The Security Pipeline

The Security Pipeline

Over the last few years, the ability to secure our applications has grown, and deep integration into the DevOps toolchain has, too. There are more tools doing more security checks protecting more of the infrastructure and source than there have ever been. The key is putting them to use intelligently.

We now have the ability to secure the image an app is based upon, the images that are derived from that original—complete with supporting software. We can get feeds to tell us which bits of our included open source components are insecure and how to protect them; we can scan the source, the assembled application, the APIs and the network. We can put runtime protections in place in front of web apps and in front of APIs. We can even track the long-tail attacks like slow data extraction that are becoming more common as security tools master more obvious attacks.

That is a great set of security capabilities. And automation puts every bit of it within reach. Your job is to pick the bits you need to increase the security posture of your environment and get them worked into your specific toolchain. This is not all that difficult, but nothing is free, so you will need at least some implementation time and some staff time to work through results. After all, no matter how automated, current solutions do end with a list of changes that need to be made to increase security. Some tools will put a runtime fix in place immediately, but honestly, that is a patch—it only stays in place until you can fix the underlying issue.

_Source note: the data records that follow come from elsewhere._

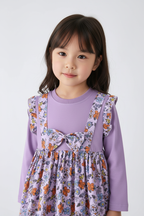 Fillette en robe violette à fleurs - détail du nœud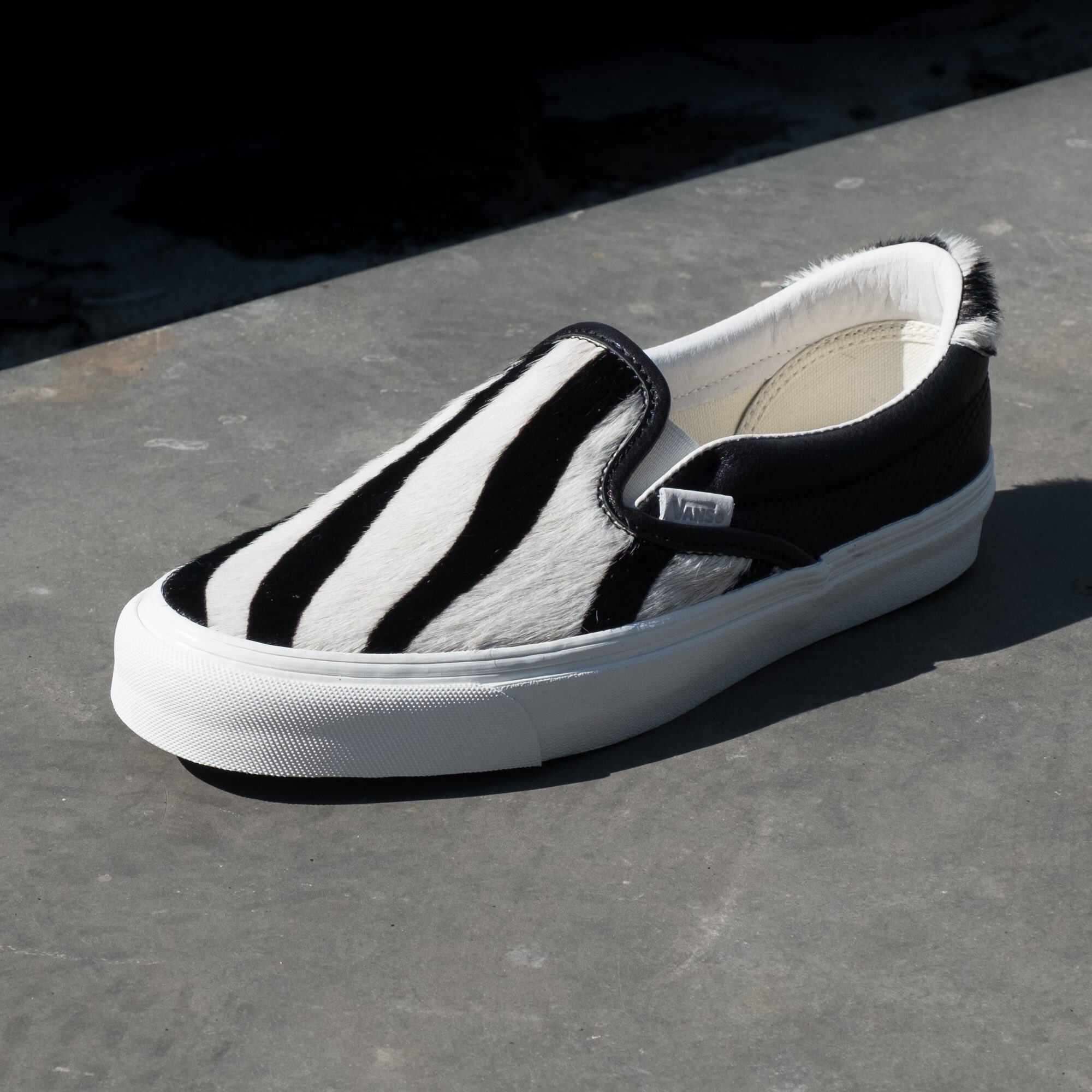 Vans zebra sales slip on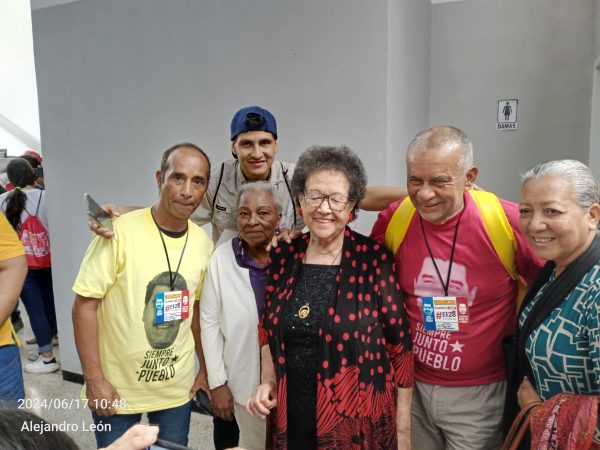 La dirigente guerrillera aría León estuvo presente en el Encuentro Intergeneracional del Psuv Carabobo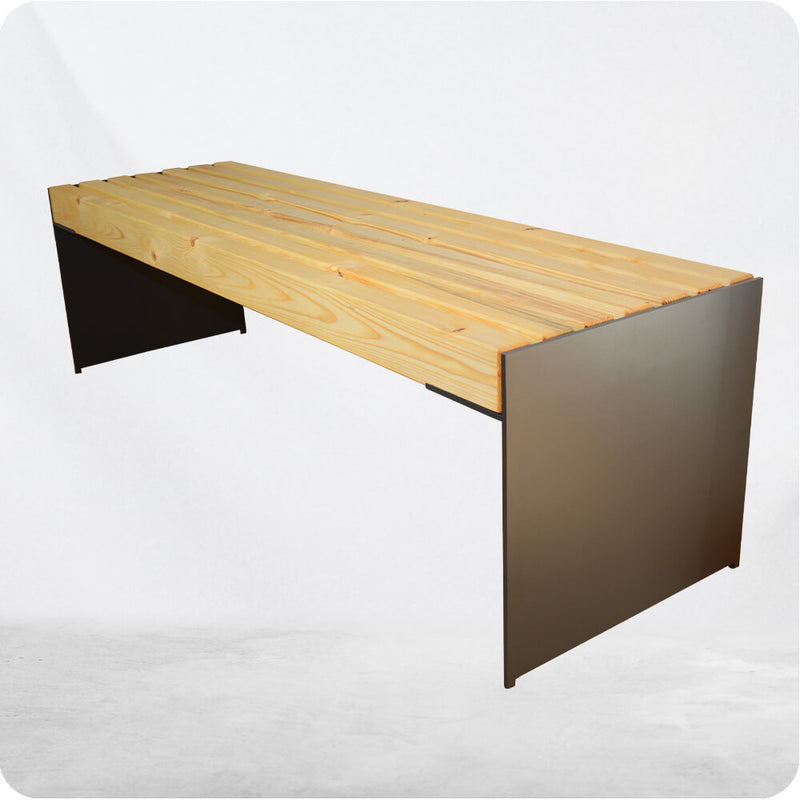Sitzbank aus Stahl und Holz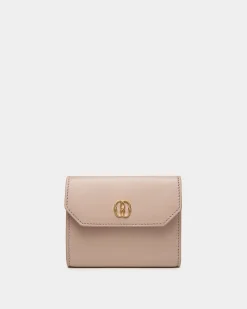 Emblem Wallet In Light Beige Leather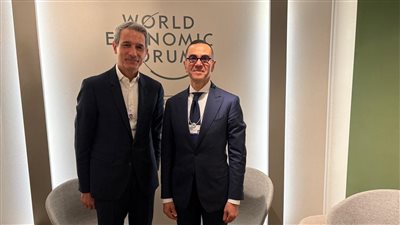 وزير الاستثمار يلتقي مسؤولي شركة سان جوبان لتعزيز الاستثمارات في مصر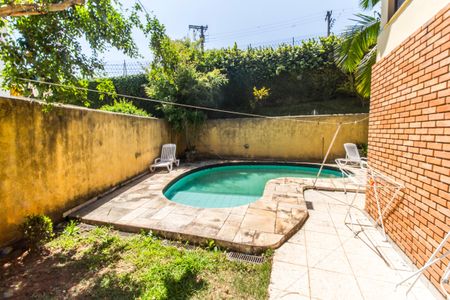 Casa à venda com 386m², 4 quartos e 4 vagas Casa à venda com 386m², 4 quartos e 4 vagasPiscina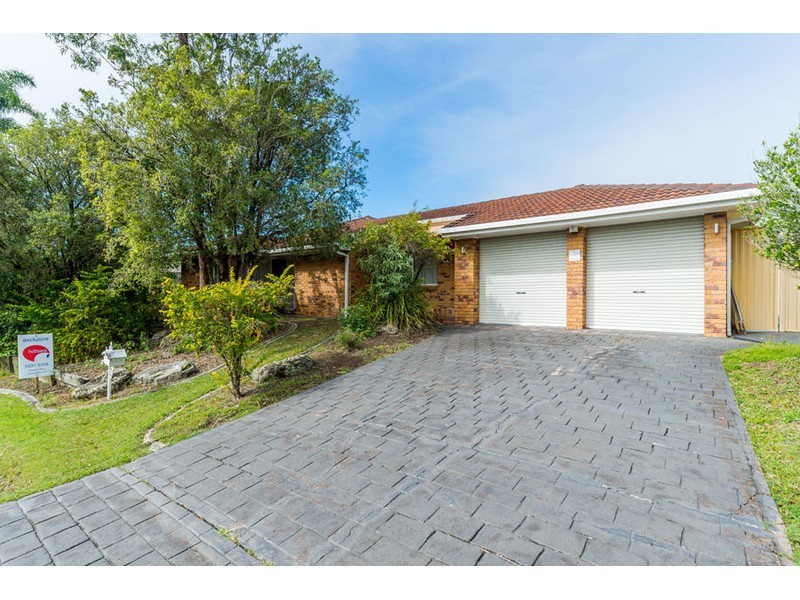 4 Birdie Court, Arundel QLD 4214
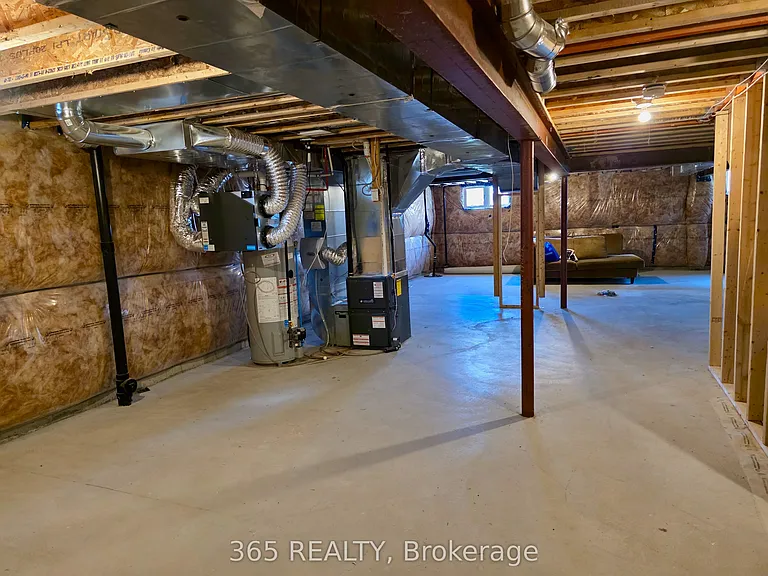 223 Warden St — Photo 46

Integrating all of the great security tooling with each other is another aspect that will require some time. Some vendors cover a massive amount of the security testing needed across markets and technologies. These companies show us that even if an organization would rather use best-of-breed, there is a lot of benefit in increasing integrations. For an easy example, consider this: If the software bill of materials (SBOM) generated during the build steps shows that a given framework is included in an application, then active testing via dynamic or interactive application security testing can include extra tests specific to that library.

Integrations will take effort, but once they’re in place they will enhance application security. There is no perfectly secure application, but the tooling is available to make a given environment less of a target because it is too much work to attack. And that is what you should be shooting for.

I’ve said before that making security part and parcel of your DevOps practices is mandatory at this point, but that was in reference to the great DevSecOps toolsets currently out there. I’m suggesting now that we include it all–from design to GitOps runtime drift management. Because we can, and the result is reduced risk to the organization.

And keep rocking it. Honestly, you’re maintaining something worth protecting–that alone means you are successful, even if you aren’t aware of every issue that crops up. Issues are why you’re there, and the systems keep running because you are.